Em alguns casos, o simples pagamento da diferença não corrige divergências de filiação, data, código ou categoria. Por isso, o procedimento adequado depende do CNIS e do processo administrativo.
A mudança do STF sobre a carência resolve o PREC-FBR?
Não necessariamente. A dispensa de carência significa que o INSS não pode exigir um número mínimo de contribuições para o salário-maternidade. Mas ainda precisa existir qualidade de segurada e contribuição válida quando ela for necessária para demonstrar a filiação.
Uma contribuição pendente por enquadramento incorreto não se torna automaticamente válida porque a carência foi afastada.
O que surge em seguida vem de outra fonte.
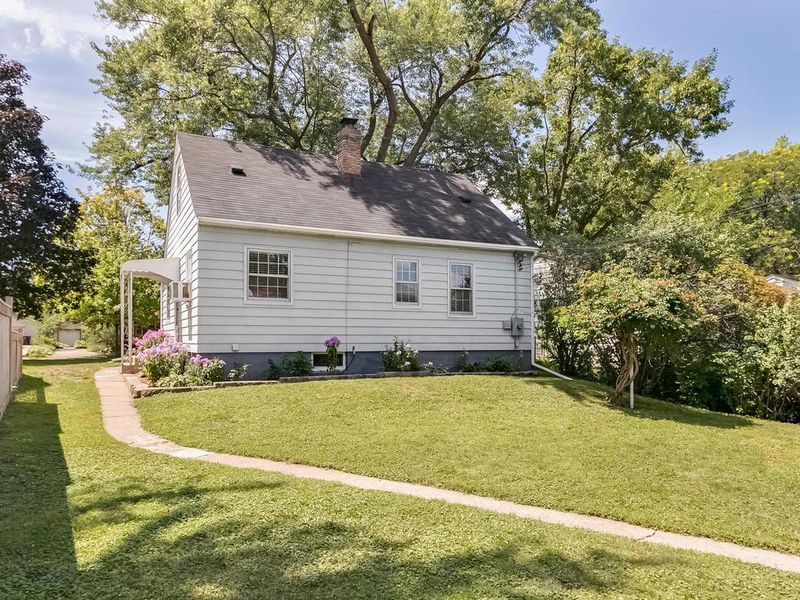 3836 Halifax Ave N, Robbinsdale, MN 55422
A decisão do STF e a IN nº 188/2025 melhoraram a proteção, mas não eliminaram as regras de filiação e categoria.
Como regularizar o PREC-FBR passo a passo?
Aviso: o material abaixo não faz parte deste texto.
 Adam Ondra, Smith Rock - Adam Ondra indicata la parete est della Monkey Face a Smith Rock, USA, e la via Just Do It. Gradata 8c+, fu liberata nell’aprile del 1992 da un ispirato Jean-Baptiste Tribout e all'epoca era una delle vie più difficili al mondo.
1. Obtenha o CNIS completo
Confira todas as competências, os códigos e os indicadores. Verifique se a pendência aparece apenas em alguns meses ou em todo o período.
2. Solicite cópia do processo administrativo
Se o benefício já foi negado, a carta resumida pode não mostrar toda a fundamentação. A cópia integral permite identificar consultas, telas e justificativas utilizadas pelo INSS.
3. Reconstrua a situação de cada competência
Informe se havia atividade remunerada, trabalho informal, vínculo, MEI, renda própria, CadÚnico válido ou dedicação exclusiva à residência.
4. Defina a correção adequada
O caminho pode envolver validação como baixa renda, complementação para 11%, ajuste para contribuinte individual, comprovação de atividade ou exclusão de competências que não podem ser aproveitadas.
5. Só depois escolha recurso, novo requerimento ou ação
A melhor via depende do motivo da negativa, do prazo, dos documentos e do efeito pretendido. Regularizar o CNIS pode ser indispensável antes ou junto da discussão do benefício.
Quais documentos podem ser necessários?
- CNIS detalhado;
- GPS e comprovantes bancários;
- CadÚnico e histórico de atualizações;
- comprovantes de composição e renda familiar;
- documentos da atividade remunerada, se existente;
- carta de indeferimento e processo administrativo;
- certidão de nascimento ou documento do fato gerador;
- documentos que demonstrem a condição de segurada na data relevante.
Posso perder todas as contribuições pagas com 5%?
Não existe resposta única. Algumas competências podem ser validadas, complementadas ou ajustadas; outras podem enfrentar obstáculos por ausência dos requisitos ou falta de prova da atividade. O histórico não deve ser tratado como automaticamente perdido nem automaticamente aproveitável.
Além do salário-maternidade, a regularização pode influenciar aposentadoria, benefícios por incapacidade e outros direitos. Por isso, o acerto precisa considerar todo o planejamento previdenciário, e não apenas um benefício isolado.
Conclusão
Perguntas frequentes
O que é IREC-INDPEND?
É um indicador de remuneração ou contribuição com pendência. Seu significado prático depende da competência e dos demais marcadores do CNIS.
O INSS devolve o valor pago com código errado?
Restituição e aproveitamento seguem procedimentos distintos. Antes de pedir devolução, deve-se avaliar se a contribuição pode ser regularizada e se é necessária para direitos futuros.
Quem faz vendas informais pode pagar 5%?
Em regra, atividade remunerada é incompatível com o facultativo de baixa renda. Pode ser necessário contribuir como contribuinte individual.
Complementar para 11% garante o salário-maternidade?
Não automaticamente. A complementação resolve diferença de alíquota, mas outros requisitos — categoria, filiação, qualidade de segurada, fato gerador e afastamento — também precisam ser comprovados.
Preciso ir à Justiça?
Nem sempre. Alguns casos podem ser resolvidos administrativamente. A ação pode ser considerada quando houver indeferimento, resistência ou necessidade de prova que não foi adequadamente analisada.